The pandemic only put more pressure on an already-stressed system, she said. People stuck at home adopted more animals, while those who already had pets spent more time with them — meaning they had opportunities to pick up on medical issues and strange behaviors they would’ve otherwise overlooked. At the same time, clinics were scrambling to adapt to new COVID-19 protocols.

Some overburdened veterinarians and technicians left the industry, Mondschein said. Others pivoted to relief work, which allows them to set their own hours filling in at practices across the region.

A growing market

Denise Ginex, the owner and only full-time vet at South Tampa Veterinary Care, remembers seeing as many as 28 patients a day at the peak of the pandemic.

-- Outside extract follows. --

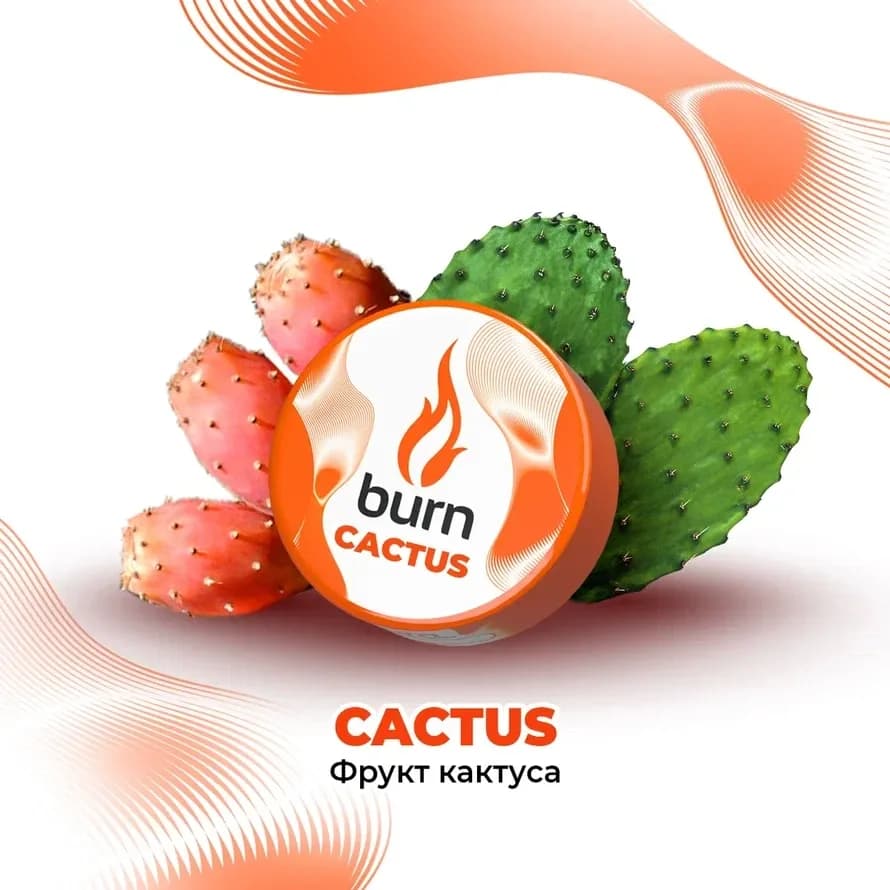 Фрукт Кактуса от Burn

At one point, mid-conversation with a client, the exhaustion of non-stop appointments caught up to her. She remembers sitting down in the bushes outside her clinic — an unassuming building tucked beside a Dollar Tree just off Dale Mabry Highway — and deciding to call it a day.

Ginex canceled the rest of her appointments and called her mother to pick her up, too tired to drive herself.

Though things have leveled out since then, Ginex continues to see 18 to 20 pets per day, often making calls during her lunch break to keep up. She’s still accepting new clients, she said, but she’s doing so at a slower pace to make sure her existing patients are cared for.

Though they’ve had to adapt, Ginex and Mondschein’s practices are managing to keep up with demand. But the influx of new residents to the Tampa area — including pet owners — has put more strain on practices like theirs.

Ginex has watched new apartment buildings sprout up across her South Tampa neighborhood. Even if only a third of the new occupants are pet owners, it’ll be enough to provide a steady supply of new clients for the handful of animal hospitals south of Gandy Boulevard, she said.

For months Ginex has been trying to bring another vet on staff. Like other practices in the area, she hasn’t had much luck.

“I’ve got no answers to my ads yet, since May,” Ginex said, reclining in a desk chair beneath a canvas print of her pet Doberman, Jock. Her cat, Cricket, perched on a filing cabinet across the office, confined to a carrier. “Nothing. Not a text, not an email, not a call.”